Performance/Synthetic testing/Bare metal

From Wikitech

Synthetic tests on a physical server

We run our tests synthetic tests on a physical server ("bare metal") to get as stable metrics as possible. You can read about how we evaluated running on a physical server in T203060.

The physical server gives us the following advantage:

  1. We don't get the noisy neighbour effect, meaning we get stable metric over time
  2. We can adjust the CPU frequency on the machine to match the speed of our users.

At the moment we run our desktop tests with the CPU frequency of our 90 percentile of users in India. For emulated mobile we match the 90/95 percentile. By matching those users, we know that we can pickup regressions that will be visible for them.

Synthetic tests

We run tests using WebPageReplay on our physical server. That is replay proxy that tries to remove the noice of internet, We have one server running those tests.

Setup a bare metal server

This document explains how the bare metal server at Hetzner is setup. Through the Hetzner setup, you can choose base OS. We use Ubuntu 22.04 to be able to run Chrome tests directly without using Docker in the future.
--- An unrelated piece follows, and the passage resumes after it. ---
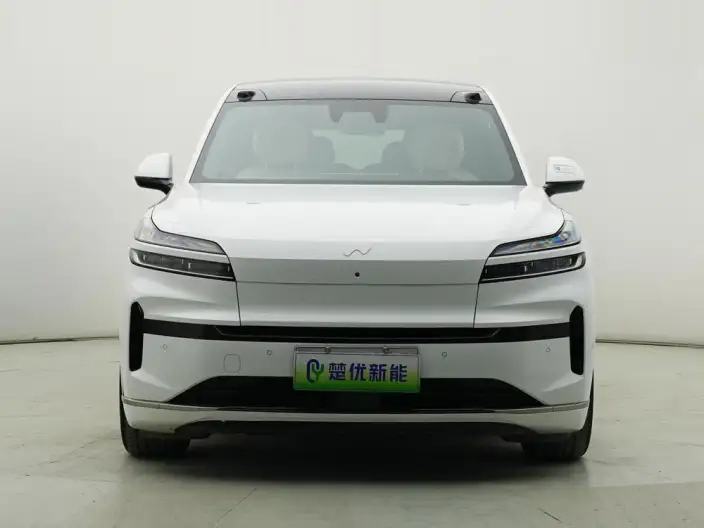 ONVO L90 2026 Model VI seat Edition Pro
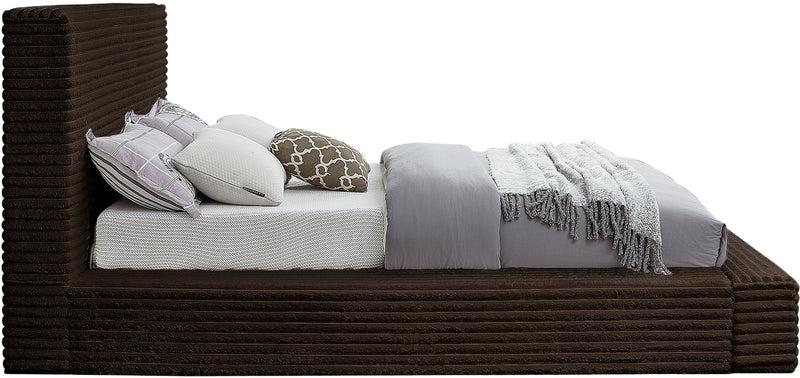 Dexter - Bed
Start by updating the machine:

sudo apt-get update 
sudo apt-get upgrade

Install Docker

Install Docker (we use Docker for the WebPageReplay tests):

sudo apt install apt-transport-https curl gnupg-agent ca-certificates software-properties-common -y
curl -fsSL https://download.docker.com/linux/ubuntu/gpg | sudo apt-key add -
sudo add-apt-repository "deb [arch=amd64] https://download.docker.com/linux/ubuntu focal stable"
sudo apt install docker-ce docker-ce-cli containerd.io -y

Setup the user

Create a new user that will run the tests and make sure that user can use sudo (needed for using Linux traffic control (tc)

adduser sitespeedio 
usermod -aG sudo sitespeedio
su - sitespeedio
echo "sitespeedio ALL=(ALL:ALL) NOPASSWD:ALL" | sudo tee "/etc/sudoers.d/sitespeedio"

Make sure the new user can run Docker without using sudo:

sudo usermod -aG docker ${USER} 
su - ${USER}

Run test without Docker

If you want to run tests without using Docker you need to install the dependencies directly.
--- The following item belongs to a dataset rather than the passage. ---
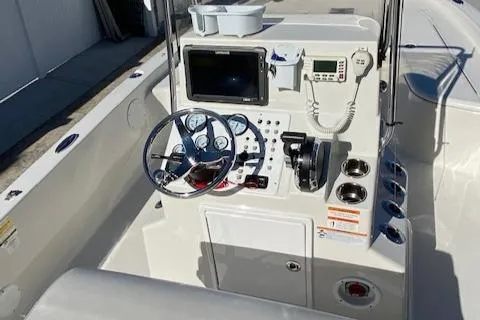 Slide: The Image of Ranger Bahia 220 2015 - 1
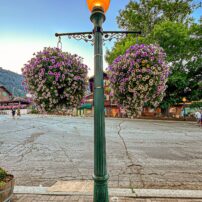 Leavenworth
Install dependencies for sitespeed.io

Install dependencies to be able to run sitespeed.io (use NodeJS LTS version):

curl -sL https://deb.nodesource.com/setup_18.x -o nodesource_setup.sh
sudo bash nodesource_setup.sh
sudo apt install -y nodejs

To be able to record a video we need FFPMEG, a couple of Python libs and xvfb. Net-tools is needed to use Linux traffic control

sudo apt-get update -y && sudo apt-get install -y ffmpeg
python -m pip install pyssim OpenCV-Python Numpy
sudo apt-get install -y xvfb
sudo apt-get install -y net-tools

Install sitespeed.io

Make sure you can install using npm without using sudo. Checkout Sindre Sorhus guide and then install sitespeed.io

npm install sitespeed.io --location=global

Install browsers

If you want to run without Docker you need to install the browsers manually. Install Chrome:

wget -q -O - https://dl.google.com/linux/linux_signing_key.pub | sudo apt-key add -
sudo sh -c 'echo "deb [arch=amd64] http://dl.google.com/linux/chrome/deb/ stable main" >> /etc/apt/sources.list.d/google-chrome.list'
sudo apt update
sudo apt install -y google-chrome-stable

To install Firefox without using Snap on Ubuntu 22.04 follow this guide.

Setup unattended-upgrades

At the moment we run the unattended upgrades make sure we keep the machine up to date.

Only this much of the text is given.